### [ACTIVITY]
Could you restate all of the records exactly, leaving out the pictures?

### [RECORDS SUPPLIED]
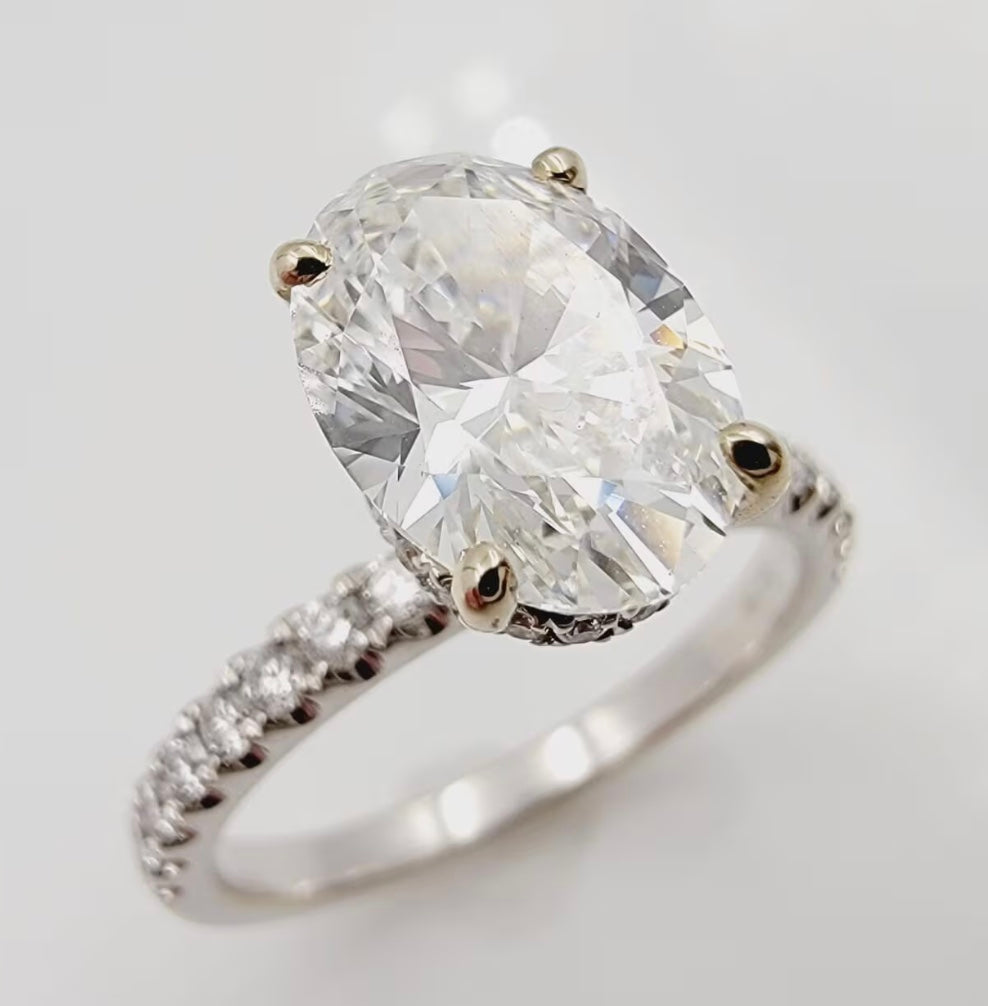 18k White Gold 1.84ct Engagement Ring with Lab Grown Oval diamond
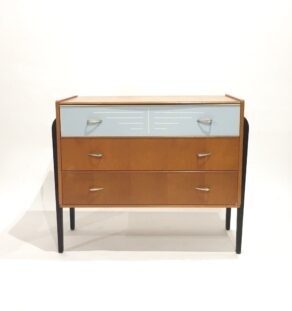 Petite commode rétro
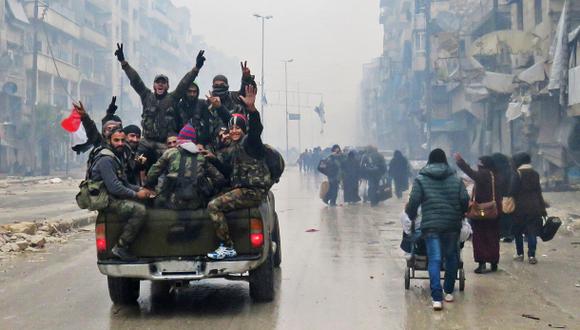 Con disparos al aire, sirios celebran la liberación de Alepo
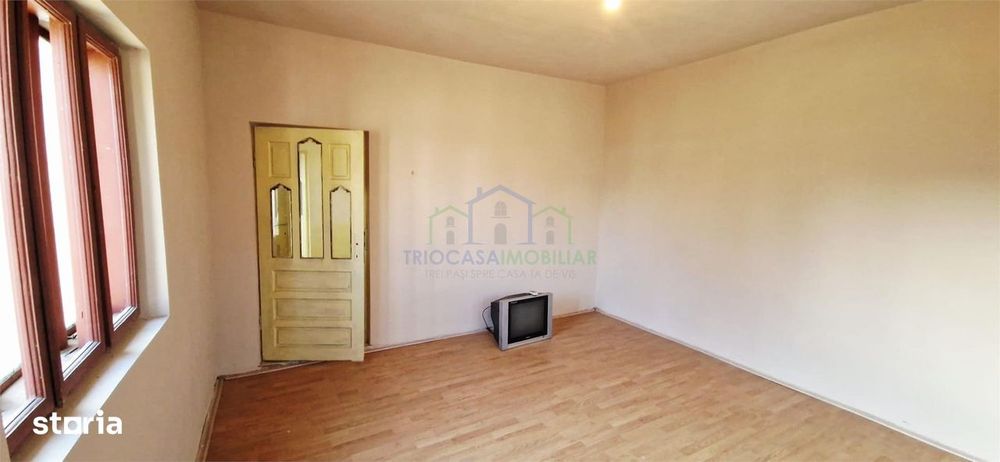 Casa Bradesti , teren  intravilan 7952 mp , deschidere 33 m la DE 70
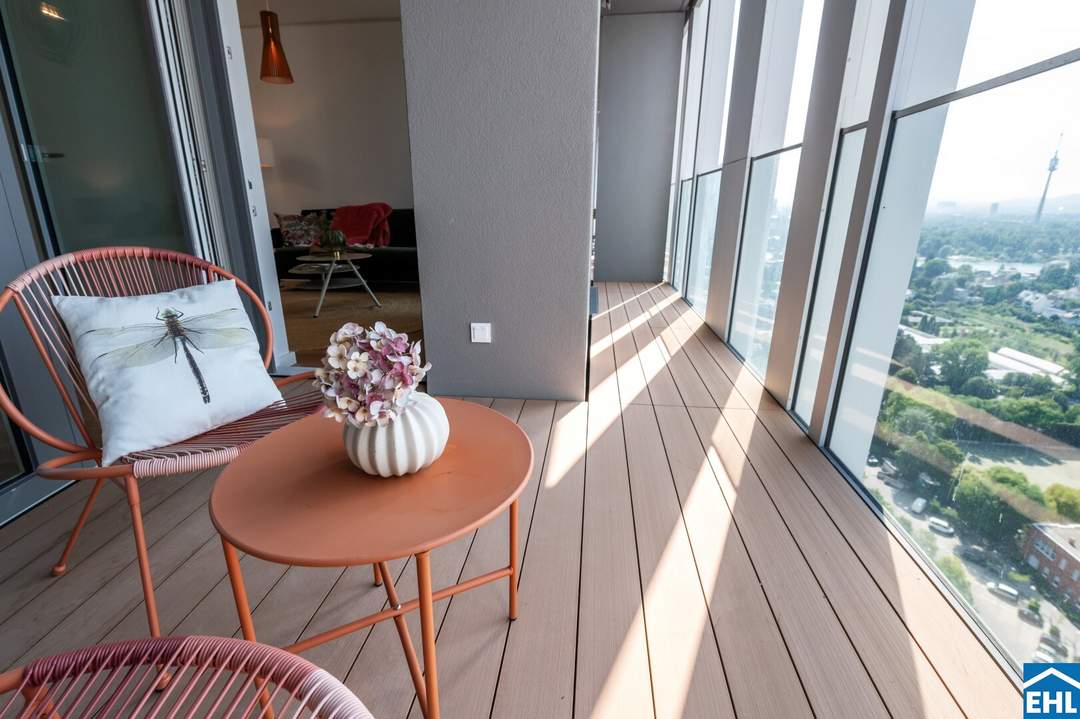 Wohnen mit Skyline-Flair – Rooftop Pool &amp; Fitness bei der U1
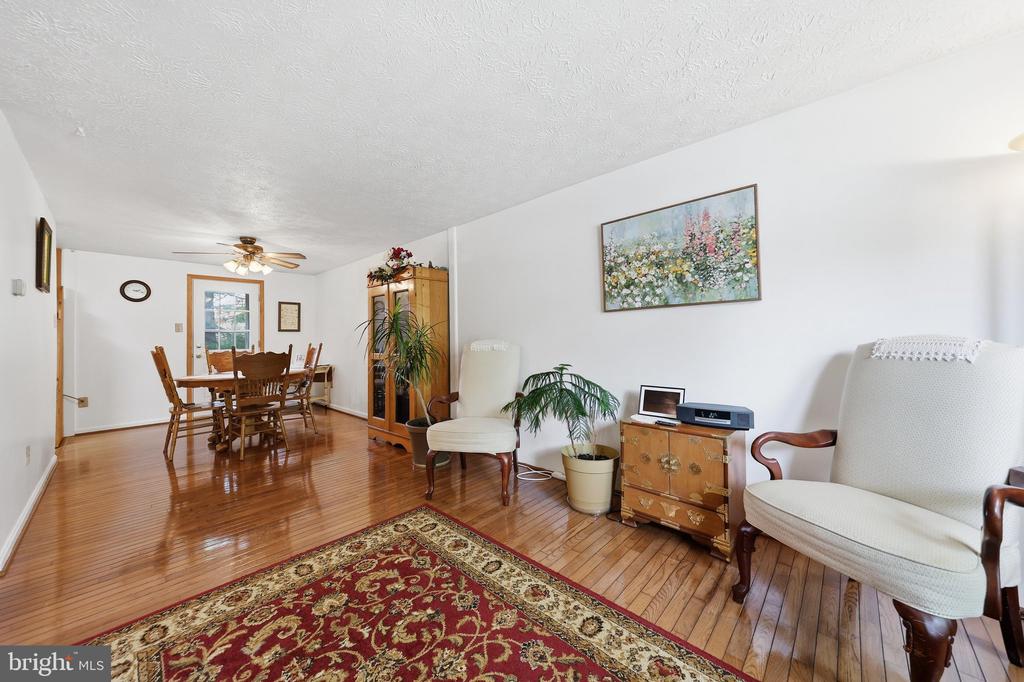 1595 ELMWOOD COURT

### [PROBLEM SOLUTION]
 18k White Gold 1.84ct Engagement Ring with Lab Grown Oval diamond
 Petite commode rétro
 Con disparos al aire, sirios celebran la liberación de Alepo
 Casa Bradesti , teren  intravilan 7952 mp , deschidere 33 m la DE 70
 Wohnen mit Skyline-Flair – Rooftop Pool &amp; Fitness bei der U1
 1595 ELMWOOD COURT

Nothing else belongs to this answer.